Im Jahr 2009 erklärte der Vater im Hinblick auf das am 01.01.2009 in Kraft getretene Erbschaftsteuerreformgesetz gegenüber seiner Tochter den Widerruf der Schenkung von 95 % einer einzelnen Unterbeteiligung. Im Jahr 2011 schloss er mit ihr eine Vereinbarung über die Rückübertragung der Unterbeteiligung: Die Tochter sollte mit wirtschaftlicher Wirkung auf den vereinbarten Stichtag im Jahr 2011 den entsprechenden Teil der Beteiligung zurück auf ihren Vater als Hauptbeteiligten übertragen; die Gewinnanteile, Zinsen und sonstigen Nutzungen, die bis zur Rückübertragung bezüglich des durch den Widerruf betroffenen Anteils an der Unterbeteiligung bis zum Stichtag entstanden sind, verbleiben der Unterbeteiligten.

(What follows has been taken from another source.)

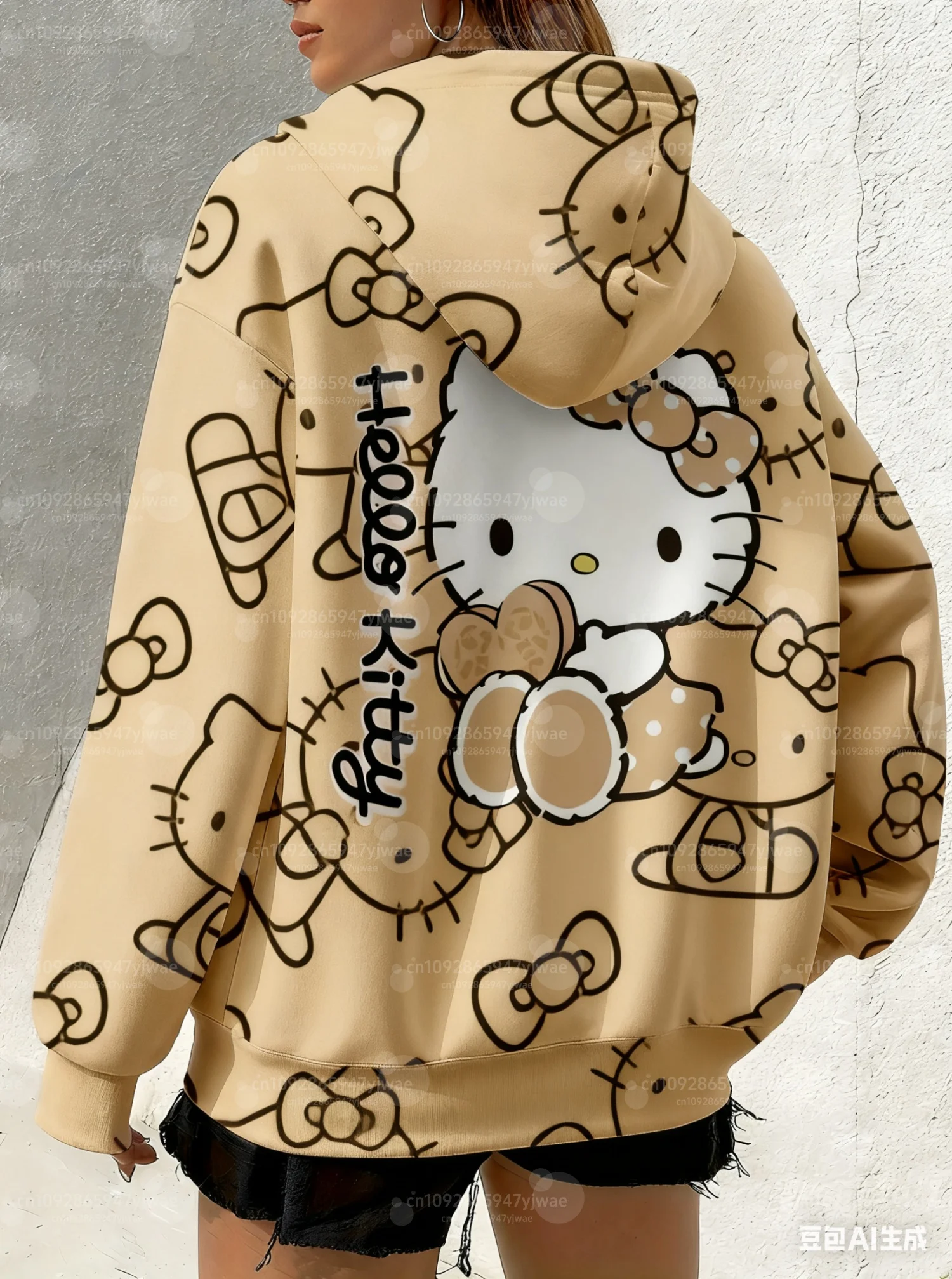 เสื้อฮู้ดลายเฮลโลคิตตี้ 3 มิติ คอลเลคชั่นฤดูใบไม้ร่วงปี 2025 สำหรับผู้หญิง เสื้อฮู้ดมีฮู้ด สวมใส่ได้ทุกโอกาส เสื้อผ้าผู้หญิง
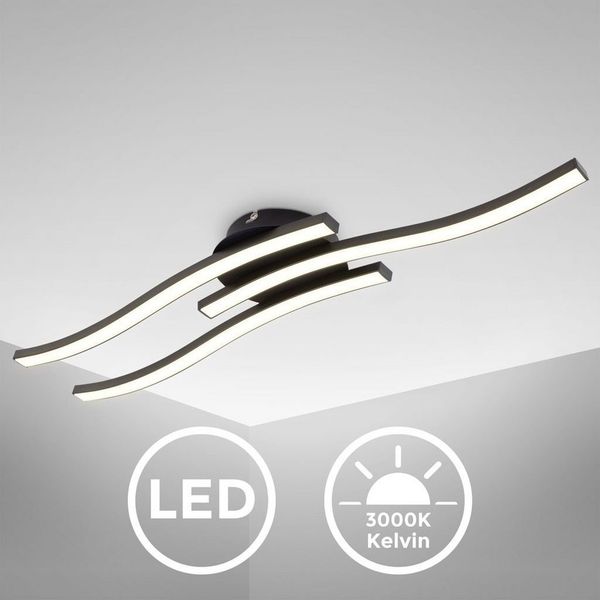 LED Deckenleuchte schwarz Wohnzimmer modern Deckenlampe 3-flammig Wellige Stäbe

Daraufhin versagte das Finanzamt die Anwendung des § 13a ErbStG. Durch den Widerruf der Schenkung durch den Vater sei die Mitunternehmerstellung der Tochter rückwirkend entfallen. Die Steuerbegünstigung des § 13a ErbStG könne daher für den Nießbrauch an den Gesellschaftsanteilen nicht mehr zur Anwendung kommen. Finanzgericht und BFH sahen dies jedoch anders: die Steuerbegünstigung ist auch auf die von der Unterbeteiligten bis zum Widerruf der Schenkung gezogenen Nutzungen, die nach § 29 Abs. 2 ErbStG der Besteuerung zugrunde gelegt wurden, zu gewähren.
Umstritten ist, wie die Besteuerung des Nutzungsvorteils nach § 29 Abs. 2 ErbStG in steuersystematischer Hinsicht einzuordnen ist. Der BFH folgt insoweit der wohl herrschenden Meinung. Danach beinhaltet § 29 Abs. 2 ErbStG keine Regelung für einen neuen Erwerbstatbestand in Gestalt eines fiktiven Nießbrauchs, sondern nur die Klarstellung, dass eine Erstattung der Steuer insoweit nicht in Betracht kommt, als dem Erwerber die Nutzungen des zugewendeten Vermögens zugestanden haben und er somit bereichert bleibt. Die Vorschrift ordnet lediglich eine Beschränkung der ursprünglich steuerpflichtigen Schenkung auf den verbleibenden Nutzungsvorteil an. Der ursprüngliche Erwerb besteht in den Fällen des § 29 Abs. 2 ErbStG in gemindertem Umfang weiter. Die anderslautende Ansicht der Finanzverwaltung (R E 29 ErbStR 2019) verwirft der BFH.
Mithin wird der ursprüngliche Erwerb nicht durch einen kraft Gesetzes fiktiven Nießbrauch ersetzt, sondern die erlöschende Steuer lediglich um den Betrag gekürzt, den der Erwerber an Steuern zu zahlen gehabt hätte, wenn ihm statt des zugewendeten Gegenstandes lediglich ein befristetes Nießbrauchsrecht zugewendet worden wäre. Es bleibt bei der Besteuerung des ursprünglichen (begünstigten) Zuwendungsgegenstandes – im Streitfall der mitunternehmerischen Unterbeteiligung ‑, der angesichts der späteren Herausgabe lediglich ein niedrigerer Wert beigemessen wird.
Auch hat das Finanzgericht zu Recht darauf abgestellt, dass die Tochter im Zeitraum zwischen der schenkweisen Übertragung der Unterbeteiligung und deren Rückübertragung Mitunternehmerin blieb. Denn da der Widerruf der Schenkungen durch den Vater mit Wirkung zum vereinbarten Stichtag im Jahr 2011 erfolgte, entfiel ihre Mitunternehmerstellung durch den Widerruf entgegen der Auffassung des Finanzamtes nicht rückwirkend.